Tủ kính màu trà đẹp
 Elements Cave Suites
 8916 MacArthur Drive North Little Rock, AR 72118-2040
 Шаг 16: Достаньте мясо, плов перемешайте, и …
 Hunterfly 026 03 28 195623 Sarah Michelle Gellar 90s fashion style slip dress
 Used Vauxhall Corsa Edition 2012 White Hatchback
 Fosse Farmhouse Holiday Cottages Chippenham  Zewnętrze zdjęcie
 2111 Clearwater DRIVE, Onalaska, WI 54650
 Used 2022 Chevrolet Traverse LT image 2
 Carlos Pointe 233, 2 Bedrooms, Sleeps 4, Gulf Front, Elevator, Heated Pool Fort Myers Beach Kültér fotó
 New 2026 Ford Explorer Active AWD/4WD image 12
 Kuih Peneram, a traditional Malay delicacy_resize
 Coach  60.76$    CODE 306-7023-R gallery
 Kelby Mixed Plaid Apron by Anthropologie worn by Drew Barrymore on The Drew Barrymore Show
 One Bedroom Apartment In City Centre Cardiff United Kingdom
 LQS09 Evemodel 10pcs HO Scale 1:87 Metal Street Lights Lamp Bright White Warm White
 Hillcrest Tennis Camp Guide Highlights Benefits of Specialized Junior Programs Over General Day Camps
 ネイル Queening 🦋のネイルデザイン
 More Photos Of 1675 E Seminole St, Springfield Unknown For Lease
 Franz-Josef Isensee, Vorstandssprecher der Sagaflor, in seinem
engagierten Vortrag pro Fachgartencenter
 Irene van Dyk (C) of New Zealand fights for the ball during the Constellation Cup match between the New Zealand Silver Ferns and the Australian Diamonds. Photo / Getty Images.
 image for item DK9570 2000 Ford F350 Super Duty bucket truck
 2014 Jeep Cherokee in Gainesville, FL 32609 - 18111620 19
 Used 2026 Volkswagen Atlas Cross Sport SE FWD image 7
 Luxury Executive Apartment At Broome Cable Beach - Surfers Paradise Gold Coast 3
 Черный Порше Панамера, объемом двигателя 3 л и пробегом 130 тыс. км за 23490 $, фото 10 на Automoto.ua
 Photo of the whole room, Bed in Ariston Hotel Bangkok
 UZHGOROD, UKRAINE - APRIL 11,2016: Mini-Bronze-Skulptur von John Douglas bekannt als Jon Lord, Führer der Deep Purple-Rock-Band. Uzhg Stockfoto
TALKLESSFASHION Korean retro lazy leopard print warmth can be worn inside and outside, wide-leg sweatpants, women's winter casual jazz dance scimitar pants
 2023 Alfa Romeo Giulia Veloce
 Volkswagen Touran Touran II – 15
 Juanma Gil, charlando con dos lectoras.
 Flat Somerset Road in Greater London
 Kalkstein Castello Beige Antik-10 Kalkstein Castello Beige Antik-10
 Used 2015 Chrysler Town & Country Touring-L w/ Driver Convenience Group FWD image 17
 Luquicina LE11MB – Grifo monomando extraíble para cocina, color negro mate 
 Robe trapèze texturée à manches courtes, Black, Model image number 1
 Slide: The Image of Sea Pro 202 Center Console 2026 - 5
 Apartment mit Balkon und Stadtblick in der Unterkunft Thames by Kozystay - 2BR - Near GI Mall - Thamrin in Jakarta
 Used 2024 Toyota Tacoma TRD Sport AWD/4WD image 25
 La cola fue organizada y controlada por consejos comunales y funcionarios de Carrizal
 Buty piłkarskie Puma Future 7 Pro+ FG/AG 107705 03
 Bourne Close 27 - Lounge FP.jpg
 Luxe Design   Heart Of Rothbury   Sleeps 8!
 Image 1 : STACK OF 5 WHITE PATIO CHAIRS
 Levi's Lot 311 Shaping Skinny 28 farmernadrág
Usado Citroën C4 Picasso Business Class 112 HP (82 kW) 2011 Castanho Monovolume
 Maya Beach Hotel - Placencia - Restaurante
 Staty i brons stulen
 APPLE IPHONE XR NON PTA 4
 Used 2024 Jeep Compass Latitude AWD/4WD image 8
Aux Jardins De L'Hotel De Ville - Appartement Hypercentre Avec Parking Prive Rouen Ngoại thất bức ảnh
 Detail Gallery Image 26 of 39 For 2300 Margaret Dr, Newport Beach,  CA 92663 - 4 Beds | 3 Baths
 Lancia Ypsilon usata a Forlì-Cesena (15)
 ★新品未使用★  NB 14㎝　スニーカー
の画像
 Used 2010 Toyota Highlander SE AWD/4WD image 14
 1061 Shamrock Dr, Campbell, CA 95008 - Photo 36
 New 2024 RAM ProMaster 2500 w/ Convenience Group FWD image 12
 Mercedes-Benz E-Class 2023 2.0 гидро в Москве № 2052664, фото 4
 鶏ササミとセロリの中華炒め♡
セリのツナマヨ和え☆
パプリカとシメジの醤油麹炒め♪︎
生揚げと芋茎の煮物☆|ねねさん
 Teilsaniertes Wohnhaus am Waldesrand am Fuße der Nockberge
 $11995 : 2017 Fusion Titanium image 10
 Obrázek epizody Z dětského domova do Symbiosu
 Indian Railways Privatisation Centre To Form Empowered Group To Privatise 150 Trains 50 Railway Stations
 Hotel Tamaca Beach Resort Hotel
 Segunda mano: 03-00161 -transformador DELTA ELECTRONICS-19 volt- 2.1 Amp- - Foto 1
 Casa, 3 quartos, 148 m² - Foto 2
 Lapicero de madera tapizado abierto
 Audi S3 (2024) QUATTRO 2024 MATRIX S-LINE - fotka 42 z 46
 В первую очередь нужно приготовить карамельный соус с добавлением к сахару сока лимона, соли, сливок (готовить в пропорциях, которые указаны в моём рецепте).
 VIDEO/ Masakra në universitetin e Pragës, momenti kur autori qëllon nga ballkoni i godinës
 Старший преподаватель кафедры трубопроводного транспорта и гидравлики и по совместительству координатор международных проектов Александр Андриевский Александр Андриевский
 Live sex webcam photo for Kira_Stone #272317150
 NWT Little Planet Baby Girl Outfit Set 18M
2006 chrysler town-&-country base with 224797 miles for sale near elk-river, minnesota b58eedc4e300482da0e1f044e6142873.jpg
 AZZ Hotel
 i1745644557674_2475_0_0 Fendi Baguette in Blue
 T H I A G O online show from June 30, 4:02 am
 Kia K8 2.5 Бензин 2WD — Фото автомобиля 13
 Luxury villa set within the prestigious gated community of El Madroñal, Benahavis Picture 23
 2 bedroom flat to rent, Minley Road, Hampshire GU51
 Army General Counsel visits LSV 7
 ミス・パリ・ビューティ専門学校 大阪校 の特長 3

○ ○ ○ ○ ○ ○ ○

Above are the records. Print exactly, and only, the lines from the line with "Used 2026 Volkswagen" to the line with "UZHGOROD, UKRAINE - APRIL", both inclusive.

 Used 2026 Volkswagen Atlas Cross Sport SE FWD image 7
 Luxury Executive Apartment At Broome Cable Beach - Surfers Paradise Gold Coast 3
 Черный Порше Панамера, объемом двигателя 3 л и пробегом 130 тыс. км за 23490 $, фото 10 на Automoto.ua
 Photo of the whole room, Bed in Ariston Hotel Bangkok
 UZHGOROD, UKRAINE - APRIL 11,2016: Mini-Bronze-Skulptur von John Douglas bekannt als Jon Lord, Führer der Deep Purple-Rock-Band. Uzhg Stockfoto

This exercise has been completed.